I disagree with the version that replaces ‘MIRI’s theories’ with ‘mathematical theories of embedded rationality’
Yeah, I think this is the sense in which realism about rationality is an important disagreement.
But also, to the extent that your theory is mathematisable and comes with ‘error bars’
Yeah, I agree that this would make it easier to build multiple levels of abstractions “on top”. I also would be surprised if mathematical theories of embedded rationality came with tight error bounds (where “tight” means “not so wide as to be useless”). For example, current theories of generalization in deep learning do not provide tight error bounds to my knowledge, except in special cases that don’t apply to the main successes of deep learning.
When I read a MIRI paper, it typically seems to me that the theories discussed are pretty abstract, and as such there are more levels below than above. [...] They are also mathematised enough that I’m optimistic about upwards abstraction having the possibility of robustness.

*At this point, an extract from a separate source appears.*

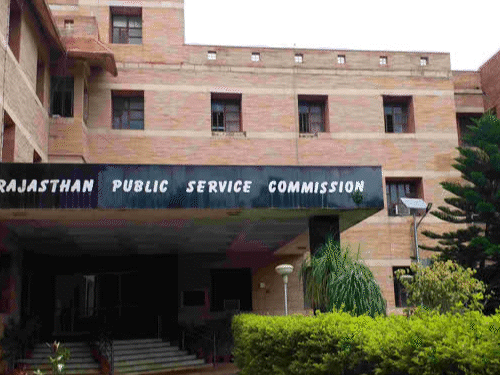 वैकेंसी का आवेदन फार्म भरने वालों से वसूलेंगे फीस:RPSC ने सरकार को भेजा प्रस्ताव; पिछले साल के मुकाबले इस बार डेढ़ गुना पदों पर ज्यादा भर्ती निकाली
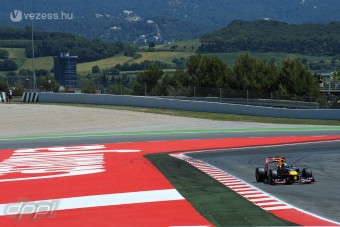 F1: A Red Bull is gumitesztet tart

The levels below seem mostly unproblematic (except for machine learning, which in the form of deep learning is often under-theorised).
I am basically only concerned about machine learning, when I say that you can’t build on the theories. My understanding of MIRI’s mainline story of impact is that they develop some theory that AI researchers use to change the way they do machine learning that leads to safe AI. This sounds to me like there are multiple levels of inference: “MIRI’s theory” → “machine learning” → “AGI”. This isn’t exactly layers of abstraction, but I think the same principle applies, and this seems like too many layers.
You could imagine other stories of impact, and I’d have other questions about those, e.g. if the story was “MIRI’s theory will tell us how to build aligned AGI without machine learning”, I’d be asking when the theory was going to include computational complexity.